Although older adults are more likely to use prescription drugs and therapies, they are often excluded from and thus underrepresented in clinical trials, including Alzheimer’s Disease (AD) trials7,8, due to overly restricted trial eligibility criteria.913 For example, Hutchins et al reported that patients over 65 years old were underrepresented in cancer treatment trials.11 A recent study from Hsu et al discovered that the older rectal cancer patients were more likely to be excluded from the RCTs.12 Older adults were also excluded from AD drug trials despite being the primary target population of these AD drugs. AD patients over 80 years old were reported to be rarely included in AD drug trials.7 Gill et al. found that less than half of the elder donepezil (an FDA approved medication for AD) takers were eligible for the trials of the medication.8 There is a need for exploring and measuring the impact of eligibility criteria on the population representation of clinical trials.

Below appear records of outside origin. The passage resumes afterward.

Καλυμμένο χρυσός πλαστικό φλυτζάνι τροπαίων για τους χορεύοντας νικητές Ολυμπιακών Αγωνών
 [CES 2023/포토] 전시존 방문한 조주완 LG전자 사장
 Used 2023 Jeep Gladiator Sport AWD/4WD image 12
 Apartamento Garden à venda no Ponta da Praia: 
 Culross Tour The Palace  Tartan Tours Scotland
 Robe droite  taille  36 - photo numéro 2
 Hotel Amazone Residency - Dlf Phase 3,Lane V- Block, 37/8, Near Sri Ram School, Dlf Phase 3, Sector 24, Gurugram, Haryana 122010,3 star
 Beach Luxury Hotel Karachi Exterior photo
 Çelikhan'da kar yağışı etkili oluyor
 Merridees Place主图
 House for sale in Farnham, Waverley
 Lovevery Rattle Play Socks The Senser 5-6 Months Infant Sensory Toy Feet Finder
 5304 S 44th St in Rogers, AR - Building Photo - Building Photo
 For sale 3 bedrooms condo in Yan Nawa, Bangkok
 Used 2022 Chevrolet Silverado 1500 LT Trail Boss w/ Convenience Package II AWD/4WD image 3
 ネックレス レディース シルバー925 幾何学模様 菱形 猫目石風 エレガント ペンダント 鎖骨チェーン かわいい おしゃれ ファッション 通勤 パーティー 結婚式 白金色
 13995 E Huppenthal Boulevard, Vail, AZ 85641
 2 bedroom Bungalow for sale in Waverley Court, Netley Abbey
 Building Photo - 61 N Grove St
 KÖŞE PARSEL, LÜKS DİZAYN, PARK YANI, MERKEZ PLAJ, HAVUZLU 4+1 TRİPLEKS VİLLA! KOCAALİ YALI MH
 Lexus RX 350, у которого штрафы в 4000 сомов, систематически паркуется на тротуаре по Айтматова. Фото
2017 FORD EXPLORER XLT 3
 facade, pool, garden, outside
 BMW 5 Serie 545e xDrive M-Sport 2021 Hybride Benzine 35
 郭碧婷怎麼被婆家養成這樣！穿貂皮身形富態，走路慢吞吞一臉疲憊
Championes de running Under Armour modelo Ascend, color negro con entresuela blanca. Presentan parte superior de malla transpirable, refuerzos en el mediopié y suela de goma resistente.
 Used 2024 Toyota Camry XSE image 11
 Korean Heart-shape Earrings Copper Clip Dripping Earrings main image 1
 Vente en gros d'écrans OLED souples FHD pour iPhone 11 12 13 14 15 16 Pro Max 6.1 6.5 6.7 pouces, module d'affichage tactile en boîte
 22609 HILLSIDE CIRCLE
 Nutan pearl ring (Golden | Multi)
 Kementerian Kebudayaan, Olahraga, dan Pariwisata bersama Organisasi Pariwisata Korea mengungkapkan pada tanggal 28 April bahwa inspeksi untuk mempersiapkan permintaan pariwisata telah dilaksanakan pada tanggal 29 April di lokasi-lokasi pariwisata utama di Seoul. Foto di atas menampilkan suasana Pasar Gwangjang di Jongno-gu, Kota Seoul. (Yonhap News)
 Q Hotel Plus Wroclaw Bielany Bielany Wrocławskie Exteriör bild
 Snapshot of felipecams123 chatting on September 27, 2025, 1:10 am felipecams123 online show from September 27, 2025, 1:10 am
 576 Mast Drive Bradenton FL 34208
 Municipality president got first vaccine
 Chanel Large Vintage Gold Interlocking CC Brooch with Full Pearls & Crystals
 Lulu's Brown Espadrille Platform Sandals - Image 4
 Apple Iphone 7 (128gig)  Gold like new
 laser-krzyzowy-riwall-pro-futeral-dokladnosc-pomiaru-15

In the past decade, the emergence of electronic health records (EHRs) has made real-world clinical data available for investigating the influence of eligibility criteria on trial participants.5,1418 EHRs are real-time, patient-centered medical records that can be accessed instantly and securely by authorized users.19 EHRs have been widely adopted in the development of eligibility criteria20,21 and research on population representation22 in clinical trials. In a global Phase III endocrinology study, the stockholder used EHRs to identify an eligibility criterion based on a particular background medication resulted in the exclusion of a significant proportion of patients from the trial.23 EHRs provide the opportunity to examine the issue of underrepresentation of older adults in AD trials via data-driven methods for potential solutions.

In this study, we used data-driven algorithms with EHRs to measure the impact of altering eligibility criteria on population representativeness in terms of age in AD clinical trials. Our primary goal was to identify eligibility criteria that explicitly exclude older patients from AD trials and assess their impacts on the age distribution of the study population. One challenge in assessing the eligibility criteria of clinical trials is the large numbered complicated criteria that are different even among the same category of trials. To address this challenge, we reviewed the eligibility criteria of all clinical trials on FDA-approved AD drugs for safety and efficacy assessment, decomposed them into study traits, and analyzed how eligibility criteria impacted the age of the study population based on each study trait. Study trials included demographics (e.g., age, race-ethnicity), diagnoses (e.g., history of diabetes), lab test results (e.g., fasting glucose), and more that are used in the eligibility criteria to define the study population. For example, the eligibility criterion “the patients must be over 65 years old and had a history of diabetes” was decomposed into study traits age and diabetes. The other challenge was the complex interactions among the large number of study traits, and the need to isolate each study trait’s impact on study population’s age distribution. To address this challenge, we experimented with multiple machine learning methods to associate the study traits with the age of the study population. We used SHapley Additive exPlanation (SHAP) values to attribute the impact of each study trait on age. SHAP values is an artificial intelligence (AI) explanation tool based on Shapley values (SVs). SV is proposed as a measurement for the contribution of each player inside a winning game.24 SHAP value provides a scheme to measure the change of average age between the hypothetical study and target population (winning game) contributed by each study trait (player in the team) using each study trait as an eligibility criterion. In this study, we were able to identify study traits that excluded older AD patients from clinical trials. To our best knowledge, this was the first study to identify and quantify the impact of eligibility criteria on the age of AD clinical trial participants.

Methods

Alzheimer’s Disease trial eligibility criteria and study traits

We reviewed the eligibility criteria of all US-based AD trials using the FDA-approved Donepezil, Galantamine, Rivastigmine, and Memantine on ClinicalTrials.gov to create study traits. All 14 Phase III and Phase IV AD trials using the 4 AD drugs for safety and efficacy assessment were included. From the 14 AD trials, we extracted 234 eligibility criteria and generated a library of 204 unique study traits, among which 150 were computable (i.e., identifiable in EHRs). Two computable study traits, cardiovascular disease and acetylcholinesterase inhibitor, appeared in over half (n =10, 8) of the 14 AD trials, while most of the traits only appeared in one AD trial.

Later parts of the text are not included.